Synthesis of Compound 12 4-Nitro-3-trifluoromethyl-phenol (17 mmol) was dissolved in DCM (150 mL) and PPh ₃ (13.5 g, 52.2 mmol) was added to this solution. The mixture was stirred at room temperature for 30 minutes. To this solution was then added alcohol R′OH (17 mmol) in DCM (10 mL) and the mixture was stirred at room temperature for 10 minutes. To this solution was then added DIAD (10.5 g, 52.2 mmol) in DCM (10 mL). The mixture was stirred at room temperature overnight. The mixture was concentrated to dryness under reduced pressure, which was dissolved in 2N HCl (aq) and washed with EA. The aqueous layer is basified with NaOH solution, extracted with EA, washed with water and brine, dried over Na ₂ SO ₄ , filtered, and the filtrate is evaporated under reduced pressure to give the desired product, compound 12 (Yield: 53.6%) was obtained.

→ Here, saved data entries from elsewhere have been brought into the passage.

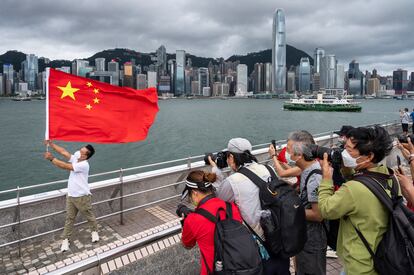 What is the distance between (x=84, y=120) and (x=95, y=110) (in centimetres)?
26

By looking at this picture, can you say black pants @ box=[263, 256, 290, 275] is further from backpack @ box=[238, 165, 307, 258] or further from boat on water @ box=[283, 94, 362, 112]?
boat on water @ box=[283, 94, 362, 112]

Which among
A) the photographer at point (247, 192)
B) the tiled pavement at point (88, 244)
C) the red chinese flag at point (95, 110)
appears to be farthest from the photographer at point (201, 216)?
the red chinese flag at point (95, 110)

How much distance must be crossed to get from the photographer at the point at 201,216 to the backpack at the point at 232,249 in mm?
42

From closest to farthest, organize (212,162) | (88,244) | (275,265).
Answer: (275,265)
(212,162)
(88,244)

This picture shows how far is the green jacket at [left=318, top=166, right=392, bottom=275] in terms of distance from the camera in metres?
2.37

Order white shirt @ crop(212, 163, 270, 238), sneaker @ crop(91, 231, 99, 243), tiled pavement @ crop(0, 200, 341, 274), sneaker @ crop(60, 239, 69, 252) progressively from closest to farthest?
1. white shirt @ crop(212, 163, 270, 238)
2. tiled pavement @ crop(0, 200, 341, 274)
3. sneaker @ crop(60, 239, 69, 252)
4. sneaker @ crop(91, 231, 99, 243)

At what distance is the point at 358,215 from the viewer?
241 centimetres

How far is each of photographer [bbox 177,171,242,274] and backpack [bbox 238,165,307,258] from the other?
0.91 ft

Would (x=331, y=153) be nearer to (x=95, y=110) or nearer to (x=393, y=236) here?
(x=393, y=236)

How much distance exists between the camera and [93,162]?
24.7 m

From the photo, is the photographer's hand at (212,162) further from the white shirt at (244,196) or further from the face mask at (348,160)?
the face mask at (348,160)

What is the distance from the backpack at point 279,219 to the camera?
271 centimetres

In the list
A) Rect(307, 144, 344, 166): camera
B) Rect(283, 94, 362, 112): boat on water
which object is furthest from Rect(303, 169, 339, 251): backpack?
Rect(283, 94, 362, 112): boat on water

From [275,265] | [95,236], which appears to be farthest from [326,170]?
[95,236]
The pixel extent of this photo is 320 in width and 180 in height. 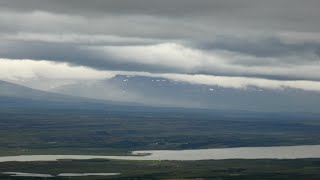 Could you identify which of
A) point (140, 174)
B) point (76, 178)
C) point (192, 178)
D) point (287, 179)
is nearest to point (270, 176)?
point (287, 179)

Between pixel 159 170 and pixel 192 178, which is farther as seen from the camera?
Answer: pixel 159 170

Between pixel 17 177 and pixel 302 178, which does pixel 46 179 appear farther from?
pixel 302 178

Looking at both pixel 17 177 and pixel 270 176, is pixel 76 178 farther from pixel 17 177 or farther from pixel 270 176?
pixel 270 176

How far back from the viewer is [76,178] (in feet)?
573

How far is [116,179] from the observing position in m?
176

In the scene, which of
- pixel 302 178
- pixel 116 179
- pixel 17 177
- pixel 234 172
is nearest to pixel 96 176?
pixel 116 179

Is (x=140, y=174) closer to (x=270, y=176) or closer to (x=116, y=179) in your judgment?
(x=116, y=179)

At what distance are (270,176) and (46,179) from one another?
56.6 meters

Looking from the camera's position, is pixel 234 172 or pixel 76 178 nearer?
pixel 76 178

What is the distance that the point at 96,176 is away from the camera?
180250 mm

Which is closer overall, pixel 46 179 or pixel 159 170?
pixel 46 179

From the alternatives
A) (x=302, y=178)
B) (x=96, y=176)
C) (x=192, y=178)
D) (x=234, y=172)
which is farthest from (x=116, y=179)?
(x=302, y=178)

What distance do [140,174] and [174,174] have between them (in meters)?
9.07

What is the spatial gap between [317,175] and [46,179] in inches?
2753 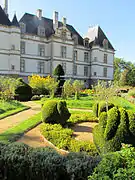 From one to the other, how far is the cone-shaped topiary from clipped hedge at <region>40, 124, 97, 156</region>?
0.58 m

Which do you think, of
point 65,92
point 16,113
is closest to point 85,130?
point 16,113

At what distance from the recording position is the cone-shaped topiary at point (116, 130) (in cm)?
562

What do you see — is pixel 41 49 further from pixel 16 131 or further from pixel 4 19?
pixel 16 131

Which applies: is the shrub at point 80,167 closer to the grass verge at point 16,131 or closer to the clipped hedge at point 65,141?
the clipped hedge at point 65,141

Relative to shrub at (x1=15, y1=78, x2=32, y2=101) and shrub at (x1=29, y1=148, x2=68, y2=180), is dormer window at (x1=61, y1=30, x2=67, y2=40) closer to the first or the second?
shrub at (x1=15, y1=78, x2=32, y2=101)

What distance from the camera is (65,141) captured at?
23.3ft

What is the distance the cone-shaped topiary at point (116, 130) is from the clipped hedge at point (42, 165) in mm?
1731

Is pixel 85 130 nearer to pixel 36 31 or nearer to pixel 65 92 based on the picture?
pixel 65 92

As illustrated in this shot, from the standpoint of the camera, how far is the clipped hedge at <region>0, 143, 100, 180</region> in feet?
12.7

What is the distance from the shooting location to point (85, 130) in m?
Result: 9.53

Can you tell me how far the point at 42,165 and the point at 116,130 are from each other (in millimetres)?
2473

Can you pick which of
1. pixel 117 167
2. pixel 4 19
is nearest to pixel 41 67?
pixel 4 19

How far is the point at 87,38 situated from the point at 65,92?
2139cm

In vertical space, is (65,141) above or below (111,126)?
below
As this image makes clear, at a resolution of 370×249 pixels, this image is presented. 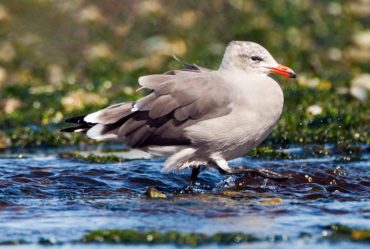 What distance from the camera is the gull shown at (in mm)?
8289

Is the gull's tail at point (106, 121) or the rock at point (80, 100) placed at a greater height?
the rock at point (80, 100)

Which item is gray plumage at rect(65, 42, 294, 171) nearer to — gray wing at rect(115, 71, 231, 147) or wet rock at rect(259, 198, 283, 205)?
gray wing at rect(115, 71, 231, 147)

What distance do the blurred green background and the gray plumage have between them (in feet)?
11.3

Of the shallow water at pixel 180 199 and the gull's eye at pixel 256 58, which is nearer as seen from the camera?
the shallow water at pixel 180 199

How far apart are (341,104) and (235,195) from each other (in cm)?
420

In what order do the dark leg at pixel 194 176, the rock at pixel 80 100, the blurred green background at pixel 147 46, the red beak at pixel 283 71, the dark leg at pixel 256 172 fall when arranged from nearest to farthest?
the red beak at pixel 283 71
the dark leg at pixel 256 172
the dark leg at pixel 194 176
the rock at pixel 80 100
the blurred green background at pixel 147 46

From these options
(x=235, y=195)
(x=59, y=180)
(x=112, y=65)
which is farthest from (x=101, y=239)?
(x=112, y=65)

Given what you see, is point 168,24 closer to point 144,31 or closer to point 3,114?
point 144,31

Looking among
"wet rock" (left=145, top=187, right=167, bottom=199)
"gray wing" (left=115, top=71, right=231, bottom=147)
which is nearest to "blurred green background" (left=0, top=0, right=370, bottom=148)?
"gray wing" (left=115, top=71, right=231, bottom=147)

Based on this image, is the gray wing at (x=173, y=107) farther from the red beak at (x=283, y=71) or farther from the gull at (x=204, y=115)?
the red beak at (x=283, y=71)

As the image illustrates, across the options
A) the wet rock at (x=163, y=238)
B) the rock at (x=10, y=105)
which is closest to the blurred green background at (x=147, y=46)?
the rock at (x=10, y=105)

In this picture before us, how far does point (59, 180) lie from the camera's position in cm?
909

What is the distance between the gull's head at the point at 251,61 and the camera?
28.5 ft

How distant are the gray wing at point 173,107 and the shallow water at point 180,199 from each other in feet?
1.53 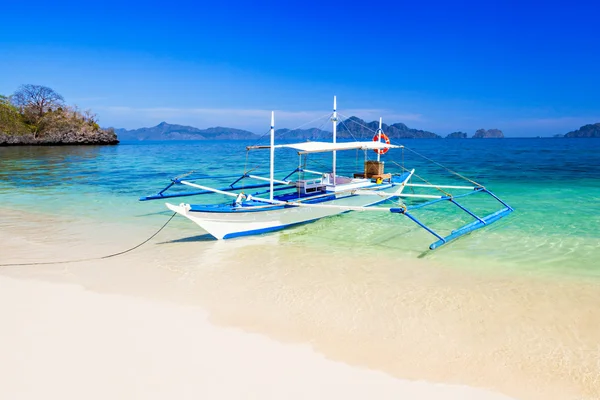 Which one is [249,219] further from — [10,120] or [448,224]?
[10,120]

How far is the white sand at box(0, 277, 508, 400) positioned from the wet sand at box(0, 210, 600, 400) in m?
0.07

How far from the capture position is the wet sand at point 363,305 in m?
5.22

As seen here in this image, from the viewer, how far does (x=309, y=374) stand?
16.3ft

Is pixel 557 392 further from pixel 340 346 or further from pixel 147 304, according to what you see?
pixel 147 304

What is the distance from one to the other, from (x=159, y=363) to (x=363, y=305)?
3441 millimetres

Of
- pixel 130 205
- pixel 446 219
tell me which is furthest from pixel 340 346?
pixel 130 205

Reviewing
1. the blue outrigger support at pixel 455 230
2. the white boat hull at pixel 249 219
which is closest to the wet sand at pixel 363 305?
the white boat hull at pixel 249 219

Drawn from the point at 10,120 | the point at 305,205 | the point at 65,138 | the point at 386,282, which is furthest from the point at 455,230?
the point at 10,120

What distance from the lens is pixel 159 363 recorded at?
511 centimetres

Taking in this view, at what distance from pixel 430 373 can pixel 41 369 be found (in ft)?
15.0

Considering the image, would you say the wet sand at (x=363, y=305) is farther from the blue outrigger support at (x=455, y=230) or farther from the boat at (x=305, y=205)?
the blue outrigger support at (x=455, y=230)

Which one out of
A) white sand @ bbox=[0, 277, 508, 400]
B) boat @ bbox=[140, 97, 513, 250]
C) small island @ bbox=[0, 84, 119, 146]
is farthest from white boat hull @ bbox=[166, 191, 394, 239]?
small island @ bbox=[0, 84, 119, 146]

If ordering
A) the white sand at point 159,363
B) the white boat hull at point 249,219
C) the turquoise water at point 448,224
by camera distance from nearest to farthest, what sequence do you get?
the white sand at point 159,363
the turquoise water at point 448,224
the white boat hull at point 249,219

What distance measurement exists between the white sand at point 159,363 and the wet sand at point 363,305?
7cm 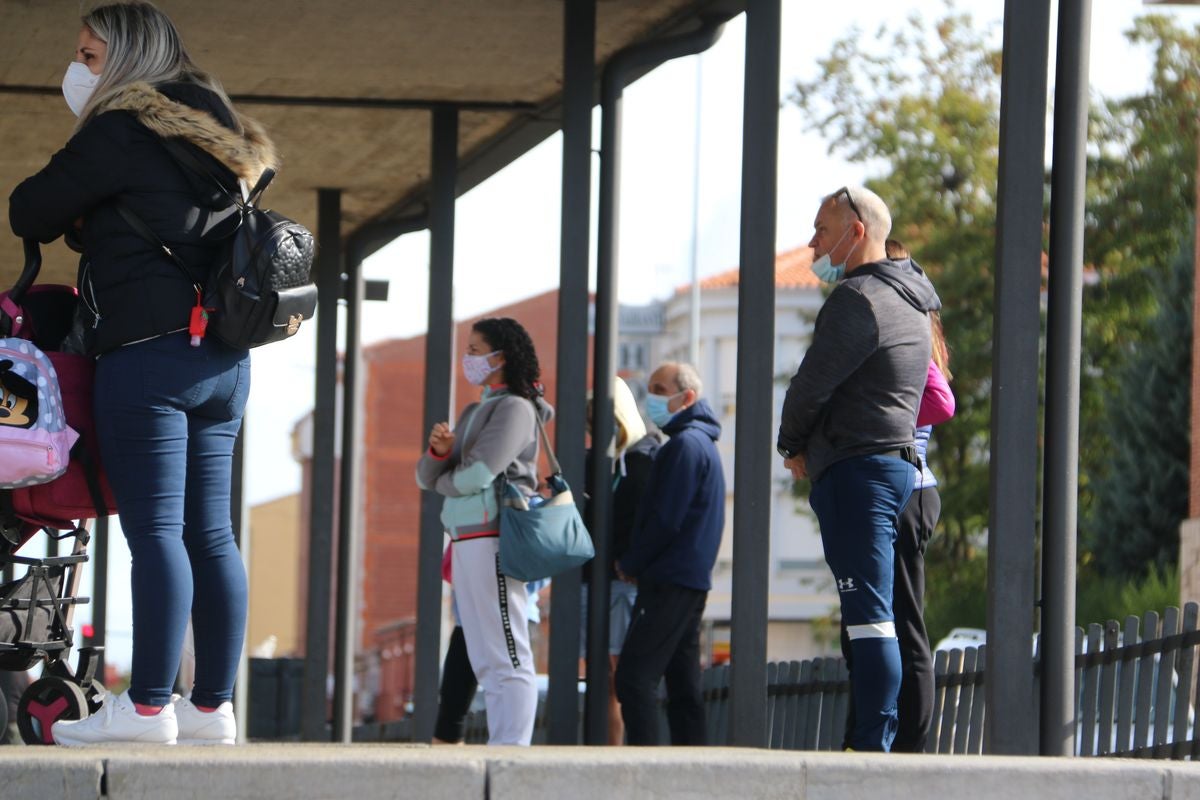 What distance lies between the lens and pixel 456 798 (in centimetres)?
521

Synthesis of Compound 13 Compound 12 (13.6 mmol) was dissolved in MeOH (250 mL) and then Pd / C (385 mg) was added. The mixture was stirred overnight under H _2. The reaction solution was filtered and the filtrate was concentrated under reduced pressure to remove the solvent to give the desired oily product (compound 13), which was used directly in the next step (crude yield: 96% ).

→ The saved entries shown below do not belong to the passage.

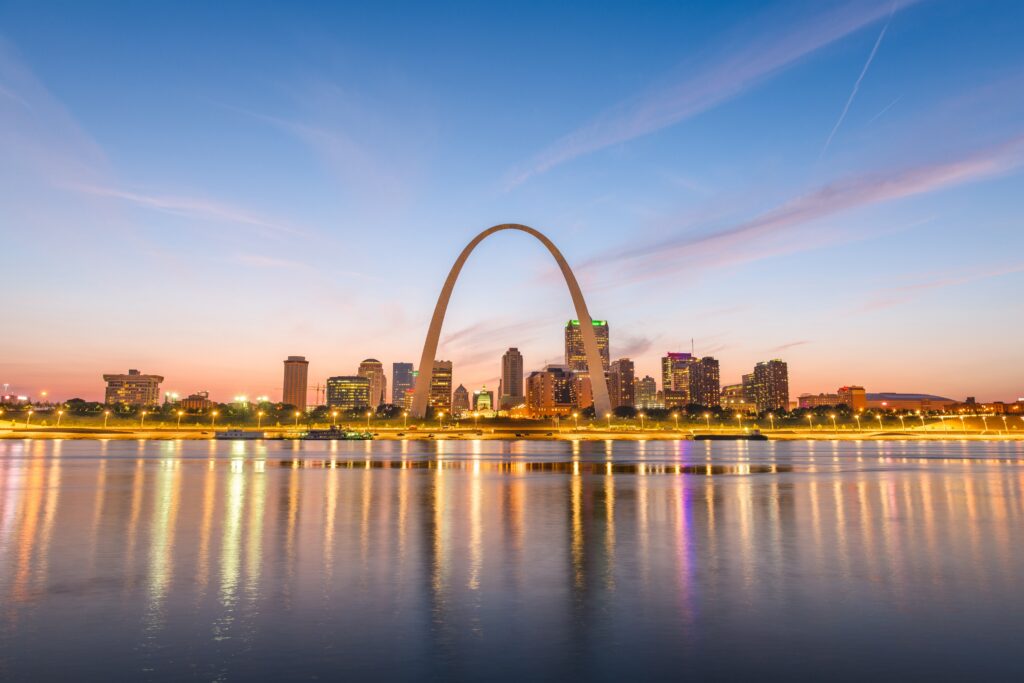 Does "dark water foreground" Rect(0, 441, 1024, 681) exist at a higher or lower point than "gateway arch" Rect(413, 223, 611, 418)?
lower

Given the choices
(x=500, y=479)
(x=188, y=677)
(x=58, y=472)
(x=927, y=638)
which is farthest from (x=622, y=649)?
(x=58, y=472)

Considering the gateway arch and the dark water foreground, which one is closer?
the dark water foreground

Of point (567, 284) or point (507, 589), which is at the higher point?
point (567, 284)

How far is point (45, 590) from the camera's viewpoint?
1059 centimetres

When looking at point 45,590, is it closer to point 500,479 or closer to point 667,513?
point 667,513

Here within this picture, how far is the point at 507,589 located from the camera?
425 inches

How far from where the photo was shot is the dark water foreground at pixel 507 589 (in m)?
7.50

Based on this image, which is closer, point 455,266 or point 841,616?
point 841,616

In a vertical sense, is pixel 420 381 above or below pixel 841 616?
above

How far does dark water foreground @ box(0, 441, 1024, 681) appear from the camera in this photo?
7.50 meters

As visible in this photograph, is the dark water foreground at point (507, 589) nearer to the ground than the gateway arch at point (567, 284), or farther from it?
nearer to the ground

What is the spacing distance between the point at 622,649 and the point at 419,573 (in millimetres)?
4860

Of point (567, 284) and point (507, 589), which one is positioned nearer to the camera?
point (507, 589)

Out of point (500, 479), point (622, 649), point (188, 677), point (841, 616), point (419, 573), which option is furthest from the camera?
point (500, 479)
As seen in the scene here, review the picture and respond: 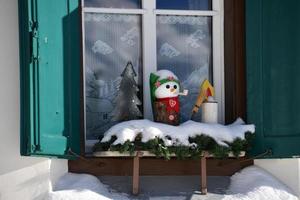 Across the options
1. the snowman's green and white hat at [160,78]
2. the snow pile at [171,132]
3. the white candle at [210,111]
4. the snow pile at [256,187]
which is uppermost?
the snowman's green and white hat at [160,78]

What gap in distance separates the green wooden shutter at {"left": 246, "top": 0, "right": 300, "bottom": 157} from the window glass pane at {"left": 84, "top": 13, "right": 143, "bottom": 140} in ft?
2.54

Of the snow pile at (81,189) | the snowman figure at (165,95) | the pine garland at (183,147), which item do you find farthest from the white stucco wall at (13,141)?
the snowman figure at (165,95)

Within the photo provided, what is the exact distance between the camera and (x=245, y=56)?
3.62 m

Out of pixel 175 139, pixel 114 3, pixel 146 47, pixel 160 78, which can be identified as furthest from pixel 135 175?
pixel 114 3

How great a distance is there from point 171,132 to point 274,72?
77 centimetres

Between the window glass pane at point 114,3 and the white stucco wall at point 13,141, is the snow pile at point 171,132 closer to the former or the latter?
the white stucco wall at point 13,141

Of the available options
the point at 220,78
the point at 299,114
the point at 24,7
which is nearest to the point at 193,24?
the point at 220,78

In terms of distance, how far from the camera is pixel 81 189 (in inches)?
126

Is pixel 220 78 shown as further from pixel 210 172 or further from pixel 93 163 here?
pixel 93 163

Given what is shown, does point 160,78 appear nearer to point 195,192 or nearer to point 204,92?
point 204,92

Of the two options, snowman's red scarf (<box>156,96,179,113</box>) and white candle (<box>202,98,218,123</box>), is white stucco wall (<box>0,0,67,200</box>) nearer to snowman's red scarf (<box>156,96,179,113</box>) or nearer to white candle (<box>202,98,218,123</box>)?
snowman's red scarf (<box>156,96,179,113</box>)

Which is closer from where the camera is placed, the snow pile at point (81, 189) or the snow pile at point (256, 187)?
the snow pile at point (81, 189)

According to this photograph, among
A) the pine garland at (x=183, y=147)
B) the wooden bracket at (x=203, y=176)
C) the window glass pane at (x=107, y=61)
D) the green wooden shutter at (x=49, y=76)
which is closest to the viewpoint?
the green wooden shutter at (x=49, y=76)

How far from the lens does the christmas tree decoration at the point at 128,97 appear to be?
349cm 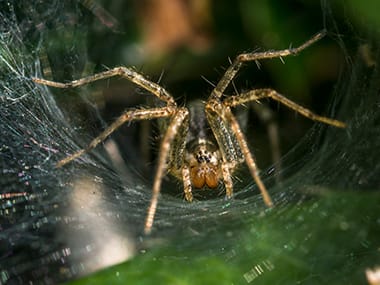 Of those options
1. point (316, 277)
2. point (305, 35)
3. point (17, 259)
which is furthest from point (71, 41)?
point (316, 277)

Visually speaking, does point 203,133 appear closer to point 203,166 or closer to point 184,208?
point 203,166

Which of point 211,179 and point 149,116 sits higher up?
point 149,116

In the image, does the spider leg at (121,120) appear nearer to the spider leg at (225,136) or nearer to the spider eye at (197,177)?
the spider leg at (225,136)

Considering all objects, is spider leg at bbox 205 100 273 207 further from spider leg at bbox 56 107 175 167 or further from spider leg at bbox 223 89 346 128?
spider leg at bbox 56 107 175 167

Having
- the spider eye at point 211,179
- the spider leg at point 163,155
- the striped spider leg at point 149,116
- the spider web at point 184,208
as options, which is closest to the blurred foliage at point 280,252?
the spider web at point 184,208

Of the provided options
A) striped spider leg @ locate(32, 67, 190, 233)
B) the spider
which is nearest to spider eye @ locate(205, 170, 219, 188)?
the spider

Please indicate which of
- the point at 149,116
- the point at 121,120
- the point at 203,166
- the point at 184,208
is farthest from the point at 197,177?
the point at 121,120

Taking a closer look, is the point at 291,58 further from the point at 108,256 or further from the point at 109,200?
the point at 108,256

Synthesis of Compound 14 A solution of Compound 13 (1 mmol) and benzoyl isothiocyanate (163 mg, 1 mmol) in 5 mL of acetone was stirred at room temperature for 1 hour. The reaction mixture was concentrated to remove acetone to give the crude product (compound 14), which was used directly in the next step (crude yield: 90%).

Synthesis of Compound 15 A NaOH solution (1M, 1.1 mmol, 1.2 eq) was added to a stirred mixture of compound 14 (0.9 mmol) in 8 mL EtOH. The reaction mixture was refluxed for 3 hours, cooled and concentrated. The white solid was treated with water (20 mL), extracted with ethyl acetate, and the organic layer was concentrated to give the crude product, which was used directly in the next step. (Rough yield: 72.7-77.5%).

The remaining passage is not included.